Actually, Dr. Maturin, the ship's surgeon, is an intellectual who becomes intensely appreciative of the deeply conservative, almost liturgical, rhythms of life aboard ship. The parallels between ship and society are clear:

"The seaman's moral law may seem strange to landsmen, even whimsical at times; but as we all know, pure reason is not enough, and illogical as their system may be, it does enable them to conduct these enormously complex machines from point to point, in spite of the elements. ..."

An O'Brian glossary of naval terms has been published, as has a "gastronomic companion" of recipes of dishes described in the novels, and an atlas and geographical guide to the novels. There also is a CD of the music Mr. Aubrey and Dr. Maturin -- both are amateur musicians; they met at a concert -- play from time to time.
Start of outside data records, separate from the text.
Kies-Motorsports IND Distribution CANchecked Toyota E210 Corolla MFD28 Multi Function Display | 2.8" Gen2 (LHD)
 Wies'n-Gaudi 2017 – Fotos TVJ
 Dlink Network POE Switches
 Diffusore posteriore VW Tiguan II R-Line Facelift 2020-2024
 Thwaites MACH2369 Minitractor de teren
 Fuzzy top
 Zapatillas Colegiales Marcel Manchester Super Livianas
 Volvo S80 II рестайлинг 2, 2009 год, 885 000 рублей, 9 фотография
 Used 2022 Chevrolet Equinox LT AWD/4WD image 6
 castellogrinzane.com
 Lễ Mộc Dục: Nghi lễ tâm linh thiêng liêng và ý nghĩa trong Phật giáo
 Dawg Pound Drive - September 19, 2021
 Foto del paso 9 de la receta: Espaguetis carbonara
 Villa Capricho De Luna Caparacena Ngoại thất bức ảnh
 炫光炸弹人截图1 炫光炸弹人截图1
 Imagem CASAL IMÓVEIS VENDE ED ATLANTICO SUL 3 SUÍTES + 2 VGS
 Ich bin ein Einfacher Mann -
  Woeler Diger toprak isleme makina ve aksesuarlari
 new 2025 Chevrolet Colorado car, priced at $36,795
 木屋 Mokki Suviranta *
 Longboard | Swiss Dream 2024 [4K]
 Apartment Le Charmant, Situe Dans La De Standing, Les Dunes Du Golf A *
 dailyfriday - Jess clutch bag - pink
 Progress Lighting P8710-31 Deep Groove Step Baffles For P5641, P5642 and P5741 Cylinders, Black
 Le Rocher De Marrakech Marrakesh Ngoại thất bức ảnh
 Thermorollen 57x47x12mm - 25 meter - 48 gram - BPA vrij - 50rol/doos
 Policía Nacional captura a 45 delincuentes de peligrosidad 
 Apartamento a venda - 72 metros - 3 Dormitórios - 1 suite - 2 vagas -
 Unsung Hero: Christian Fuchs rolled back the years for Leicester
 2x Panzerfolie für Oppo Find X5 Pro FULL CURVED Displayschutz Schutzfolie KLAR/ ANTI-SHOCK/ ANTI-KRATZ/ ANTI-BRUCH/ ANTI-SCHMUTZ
Some of Mr. O'Brian's verisimilitude is a chilling reminder of the harshness of life two centuries ago: Dr. Maturin uses badgers or even "whole orphans for dissection when they were in good supply toward the end of winter." Sharks swarm where slave ships sail, feasting on jettisoned bodies. A sailor says Easter Islanders "are not an ill-natured crew" although "they ate one another more than was quite right. It makes you uneasy to be passed a man's hand." When Mr. Aubrey asks what a particular Turkish potentate had been hunting in the marshes, he is told: "Jews."

Mr. O'Brian's Aubrey-Maturin volumes actually constitute a single 6,443-page novel, one that should have been on those lists of the greatest novels of the 20th century. Some list-compilers probably decided that Mr. O'Brian was only a historical novelist. But as Cezanne said, "Monet is only an eye, but my God what an eye!" Besides, Mr. O'Brian's themes are oceanic.

A few weeks ago, Mr. O'Brian said he was making headway on volume 21. But the 30-year voyage is over. "Blue at the Mizzen" refers to the blue flag that an admiral flew from his ship's mizzenmast. In volume 20, Jack Aubrey gets his blue. Mr. O'Brian sailed on, tacking into the winds of age until his old companion reached his goal.

Mr. O'Brian died the other day in his 86th year, leaving a solid legacy of craftsmanship, and proof of Chesterton's axiom that great men take up great space even when gone.

George F. Will is a syndicated columnist.